Но из подъезда выйдя, не сговариваясь, в одну сторону рванули. Как на стометровке.
Хладнокровный, выдержанный, экономный Саня, увидев такси, чуть не на середину дороги выскочил, руками замахал.
— Давай, браток, в военкомат. Быстро!
Удивленный таксист стал с ходу обдумывать, как бы по городу крутануть, подозрений у приезжих не вызвав (какой же местный по такой классной погоде такси будет брать, чтобы пятьсот метров проехать?).
Но Саня в его заботах с ходу разобрался и произнес внятно:
— Не суши мозги, больше рубля не получишь. До обеда в военкомате десять минут. Не успеем — прокатишься бесплатно.

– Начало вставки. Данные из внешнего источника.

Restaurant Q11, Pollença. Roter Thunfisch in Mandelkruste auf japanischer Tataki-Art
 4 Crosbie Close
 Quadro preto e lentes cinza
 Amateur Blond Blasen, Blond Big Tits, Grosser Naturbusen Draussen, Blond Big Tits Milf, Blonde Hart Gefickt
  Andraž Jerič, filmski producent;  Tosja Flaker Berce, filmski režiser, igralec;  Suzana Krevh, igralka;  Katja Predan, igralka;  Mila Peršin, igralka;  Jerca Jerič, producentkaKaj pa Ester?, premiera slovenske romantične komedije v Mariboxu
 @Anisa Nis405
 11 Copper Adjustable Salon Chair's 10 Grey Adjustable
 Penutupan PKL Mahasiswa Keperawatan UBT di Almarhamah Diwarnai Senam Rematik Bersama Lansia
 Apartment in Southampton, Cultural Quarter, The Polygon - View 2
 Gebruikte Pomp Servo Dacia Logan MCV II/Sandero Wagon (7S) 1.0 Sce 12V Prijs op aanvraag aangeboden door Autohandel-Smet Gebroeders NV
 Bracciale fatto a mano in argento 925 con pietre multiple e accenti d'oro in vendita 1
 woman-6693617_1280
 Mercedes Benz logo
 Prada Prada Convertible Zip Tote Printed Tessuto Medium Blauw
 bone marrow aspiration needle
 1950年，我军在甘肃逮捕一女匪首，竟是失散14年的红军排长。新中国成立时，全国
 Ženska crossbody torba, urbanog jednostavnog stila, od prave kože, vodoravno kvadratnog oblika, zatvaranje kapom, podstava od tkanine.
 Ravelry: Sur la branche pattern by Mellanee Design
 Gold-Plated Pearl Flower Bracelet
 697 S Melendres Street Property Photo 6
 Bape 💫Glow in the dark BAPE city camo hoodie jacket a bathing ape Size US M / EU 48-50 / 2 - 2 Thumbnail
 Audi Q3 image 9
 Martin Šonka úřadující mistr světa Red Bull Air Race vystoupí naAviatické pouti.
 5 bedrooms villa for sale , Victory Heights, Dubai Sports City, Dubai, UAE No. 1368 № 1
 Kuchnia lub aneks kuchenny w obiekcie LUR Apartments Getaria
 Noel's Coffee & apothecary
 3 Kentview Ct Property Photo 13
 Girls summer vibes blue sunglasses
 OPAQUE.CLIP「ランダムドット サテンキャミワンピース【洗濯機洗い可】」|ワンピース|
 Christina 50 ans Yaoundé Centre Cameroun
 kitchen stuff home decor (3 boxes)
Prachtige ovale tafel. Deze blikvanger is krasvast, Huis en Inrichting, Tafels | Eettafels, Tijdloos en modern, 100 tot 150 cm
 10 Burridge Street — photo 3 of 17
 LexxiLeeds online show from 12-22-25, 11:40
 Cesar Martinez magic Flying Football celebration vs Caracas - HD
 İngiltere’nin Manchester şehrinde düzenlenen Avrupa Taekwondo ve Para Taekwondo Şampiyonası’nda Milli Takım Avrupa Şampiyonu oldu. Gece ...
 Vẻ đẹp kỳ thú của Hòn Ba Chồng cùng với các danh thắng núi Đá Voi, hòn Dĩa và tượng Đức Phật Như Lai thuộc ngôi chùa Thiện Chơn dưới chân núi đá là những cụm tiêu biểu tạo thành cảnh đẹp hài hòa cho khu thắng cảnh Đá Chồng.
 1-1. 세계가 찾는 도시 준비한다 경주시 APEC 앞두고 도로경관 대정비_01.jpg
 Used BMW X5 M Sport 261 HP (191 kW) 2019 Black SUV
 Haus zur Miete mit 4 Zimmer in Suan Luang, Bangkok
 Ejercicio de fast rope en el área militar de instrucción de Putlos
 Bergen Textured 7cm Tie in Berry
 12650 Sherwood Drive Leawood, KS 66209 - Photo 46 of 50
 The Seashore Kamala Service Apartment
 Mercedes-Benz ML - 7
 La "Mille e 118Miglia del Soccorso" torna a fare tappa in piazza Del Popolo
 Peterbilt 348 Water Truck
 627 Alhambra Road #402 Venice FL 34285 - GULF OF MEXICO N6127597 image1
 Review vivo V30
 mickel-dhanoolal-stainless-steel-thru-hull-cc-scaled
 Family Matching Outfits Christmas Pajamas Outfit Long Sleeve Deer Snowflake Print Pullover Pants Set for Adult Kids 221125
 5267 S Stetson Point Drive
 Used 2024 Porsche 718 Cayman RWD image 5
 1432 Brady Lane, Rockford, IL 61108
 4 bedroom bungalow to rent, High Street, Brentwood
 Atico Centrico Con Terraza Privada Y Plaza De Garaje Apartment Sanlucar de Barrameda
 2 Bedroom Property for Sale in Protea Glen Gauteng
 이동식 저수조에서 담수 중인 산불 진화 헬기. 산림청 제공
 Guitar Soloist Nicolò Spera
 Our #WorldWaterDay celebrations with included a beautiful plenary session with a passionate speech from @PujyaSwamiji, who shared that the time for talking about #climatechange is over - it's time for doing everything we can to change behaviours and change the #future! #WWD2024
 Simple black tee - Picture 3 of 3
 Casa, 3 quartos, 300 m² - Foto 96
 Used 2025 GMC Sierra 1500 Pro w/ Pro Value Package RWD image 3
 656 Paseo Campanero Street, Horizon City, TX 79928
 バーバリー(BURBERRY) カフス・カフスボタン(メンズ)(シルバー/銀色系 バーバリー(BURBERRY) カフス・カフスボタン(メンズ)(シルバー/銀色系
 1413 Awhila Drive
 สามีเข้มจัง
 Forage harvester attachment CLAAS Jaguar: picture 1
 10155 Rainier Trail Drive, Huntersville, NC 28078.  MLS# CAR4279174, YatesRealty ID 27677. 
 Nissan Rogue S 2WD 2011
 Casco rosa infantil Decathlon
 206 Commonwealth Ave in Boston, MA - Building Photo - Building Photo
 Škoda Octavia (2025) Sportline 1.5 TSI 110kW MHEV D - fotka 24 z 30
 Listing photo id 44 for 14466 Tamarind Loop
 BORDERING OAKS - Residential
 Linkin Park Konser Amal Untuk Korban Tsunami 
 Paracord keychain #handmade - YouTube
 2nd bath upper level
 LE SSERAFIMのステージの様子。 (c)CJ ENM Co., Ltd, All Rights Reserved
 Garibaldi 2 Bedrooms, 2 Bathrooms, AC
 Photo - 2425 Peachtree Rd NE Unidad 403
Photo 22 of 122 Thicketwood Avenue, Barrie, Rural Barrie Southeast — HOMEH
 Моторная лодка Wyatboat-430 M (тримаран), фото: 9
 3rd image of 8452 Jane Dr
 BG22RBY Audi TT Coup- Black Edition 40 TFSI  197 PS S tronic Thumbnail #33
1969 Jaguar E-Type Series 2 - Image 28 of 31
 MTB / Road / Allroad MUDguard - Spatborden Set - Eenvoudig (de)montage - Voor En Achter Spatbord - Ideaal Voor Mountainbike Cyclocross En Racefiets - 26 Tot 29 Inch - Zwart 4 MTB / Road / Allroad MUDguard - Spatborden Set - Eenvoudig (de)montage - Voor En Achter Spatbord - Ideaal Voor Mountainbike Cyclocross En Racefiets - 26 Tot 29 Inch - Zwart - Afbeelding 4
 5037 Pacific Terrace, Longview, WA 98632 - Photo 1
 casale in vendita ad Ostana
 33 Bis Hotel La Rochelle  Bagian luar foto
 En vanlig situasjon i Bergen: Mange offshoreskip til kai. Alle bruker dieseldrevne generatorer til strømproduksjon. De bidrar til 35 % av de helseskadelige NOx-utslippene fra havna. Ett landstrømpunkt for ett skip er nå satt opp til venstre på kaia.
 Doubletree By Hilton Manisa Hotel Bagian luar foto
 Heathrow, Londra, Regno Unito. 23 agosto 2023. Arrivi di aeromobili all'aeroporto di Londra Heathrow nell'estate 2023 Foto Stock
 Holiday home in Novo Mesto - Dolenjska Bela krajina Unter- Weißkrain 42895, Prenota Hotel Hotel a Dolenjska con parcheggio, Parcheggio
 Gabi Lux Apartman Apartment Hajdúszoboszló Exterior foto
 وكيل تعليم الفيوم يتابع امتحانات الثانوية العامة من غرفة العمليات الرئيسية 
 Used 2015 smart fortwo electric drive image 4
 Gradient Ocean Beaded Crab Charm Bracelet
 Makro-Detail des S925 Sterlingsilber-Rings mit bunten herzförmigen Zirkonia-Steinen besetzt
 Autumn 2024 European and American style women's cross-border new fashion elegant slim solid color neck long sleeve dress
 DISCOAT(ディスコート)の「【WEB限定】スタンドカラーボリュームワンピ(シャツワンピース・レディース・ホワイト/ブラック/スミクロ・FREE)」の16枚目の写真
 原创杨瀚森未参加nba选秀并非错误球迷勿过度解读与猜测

Таксисты народ понятливый.
Через семь минут военком, выслушав оперов и пожав плечами, сказал:
— Ну, если девочки задержатся…
Никто не умеет улыбаться так, как улыбаются сыщики, когда им что-то нужно.
Задержались девочки.
Отдавая Ренату полный список вернувшихся в родной Магадан осенних дембелей, Витька переписал в свою записнушку телефон, торопливо нацарапанный на обратной стороне листка.
— Это чей?
— А это нашему красавчику одна рыженькая девочка из военкомата свой домашний телефон нечаянно назвала, — весело пропел Саня.
— Нечаянно?
— Ага, невзначай. Раза четыре подряд!
— Ну, ты! — Витька от души треснул приятеля кулаком по спине.
— Да нет, ты расскажи, расскажи народу, как ты ей глазки строил, пока я, не разгибая спины…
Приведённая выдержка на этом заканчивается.